Insolvency laws to be revamped
Legislation to modernise insolvency and personal bankruptcy laws has been introduced to Parliament today by Commerce
Minister Lianne Dalziel.
“Although at 300 pages, the Insolvency Law Reform Bill is no light summer holiday reading, I was keen to have it
introduced before Christmas to allow insolvency practitioners and other stakeholders to see the Bill before it has its
first reading early in 2006. The consultation on the Bill has been extensive so I am anticipating that it will be
welcomed by those who have been closely involved in its design,” said Lianne Dalziel.
Although Lianne Dalziel said she was confident that there would be widespread support for the new 'phoenix company'
provisions and the tightening of the voidable transaction provisions, she felt that there would be two areas of reform
that would attract the most debate.
“These are, first, the streamlining of the bankruptcy administration process and the introduction of a new ‘No Asset
Procedure’ as an alternative to personal bankruptcy and, second, the introduction of a voluntary administration
procedure for companies with potential for rehabilitation”, says Lianne Dalziel.
Personal insolvency laws are some 40 years old and do not reflect the shift from sole trader bankruptcy to ‘consumer’
related bankruptcies. The No Asset Procedure is a one-off opportunity for an individual with no assets to be subject to
the procedure for 12 months as opposed to three years as is the case for bankruptcy.
“The voluntary administration procedure will bring New Zealand into line with other OECD countries and has been adopted
from the Australian voluntary administration regime, which will have the added advantage of benefiting business
rehabilitation involving trans-Tasman organisations,” said Lianne Dalziel.
Lianne Dalziel said by adopting the UNCITRAL Model Law on Cross-Border insolvency, the Bill also paves the way for
cross-border insolvencies to take place and will address difficulties that arise when an entity is placed under some
form of insolvency administration in one state, but has assets in another.
"Although the Bill does not include proposals to regulate the insolvency profession, I have asked officials to report to
me on this by late 2006. In the meantime proposed amendments in relation to the appointment of liquidators, liquidators’
reporting duties, prohibition orders on liquidators, director and related party voting in a liquidation process, should
mean that the accountability of liquidators to creditors is increased. It should also mean that the scope for company
shareholders and related parties to defeat the interests of creditors is reduced.

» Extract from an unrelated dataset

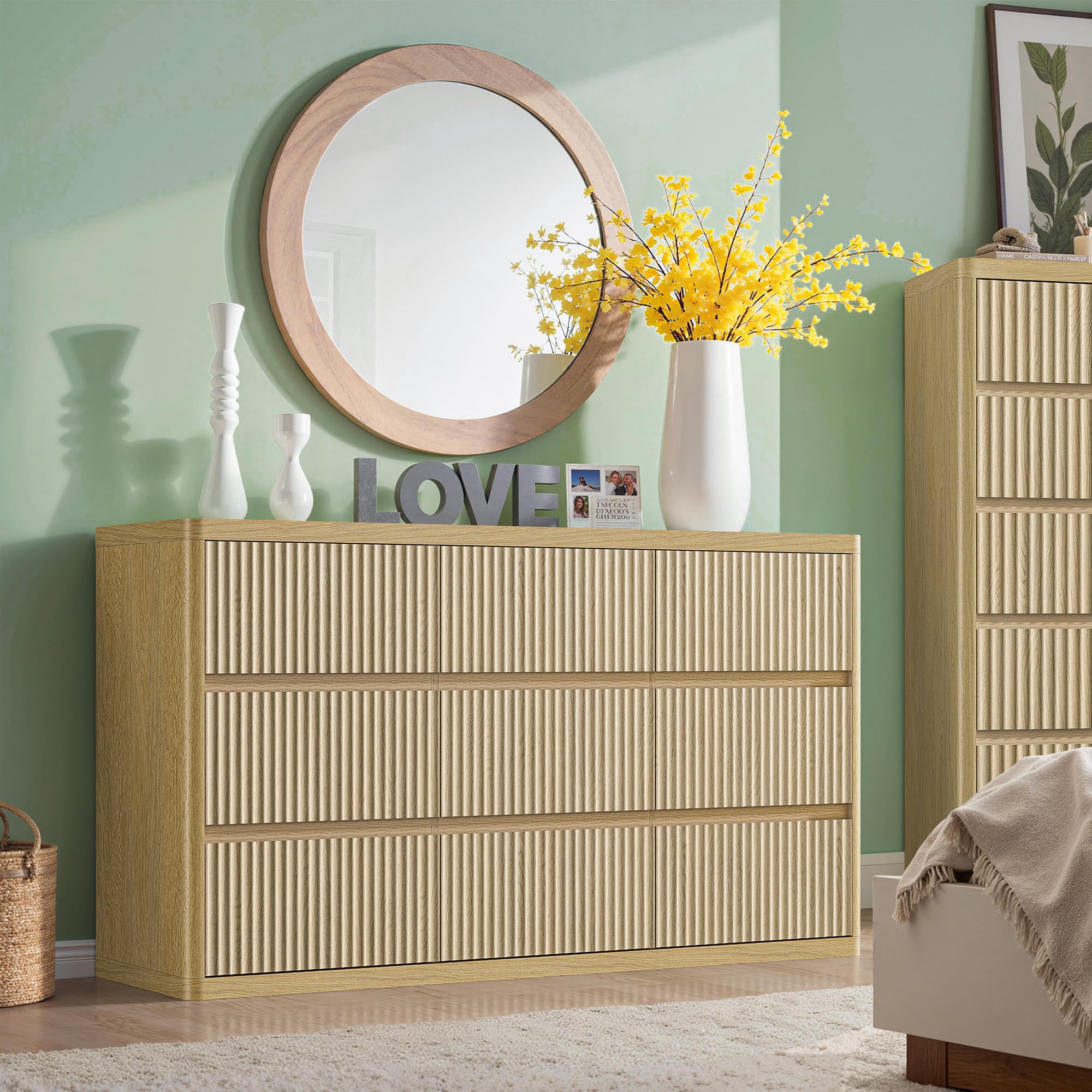 Fluted 9 Drawers Dresser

Lianne Dalziel said that the objectives of the Bill are to:
Provide a predictable and simple regime for financial failure that can be administered quickly and efficiently, with the
minimum necessary compliance and regulatory costs on its users and that does not stifle innovation, responsible risk
taking and entrepreneurialism by excessively penalising business failure; Distribute the proceeds to creditors in
accordance with their relative pre-insolvency entitlements, unless it can be shown that the public interest in providing
greater protection to one or more creditors outweighs the economic and social costs of any such priority; Maximise the
returns to creditors by providing flexible and effective methods of insolvency administration and enforcement which
encourage early intervention when financial distress becomes apparent; Enable individuals in bankruptcy to participate
again fully in the economic life of the community; and Promote international co-operation in relation to cross-border
insolvency.
“As in all law reform where there are competing interests, the government must perform a balancing act. I believe this
Bill demonstrates the government’s commitment to getting the balance right,” Lianne Dalziel said.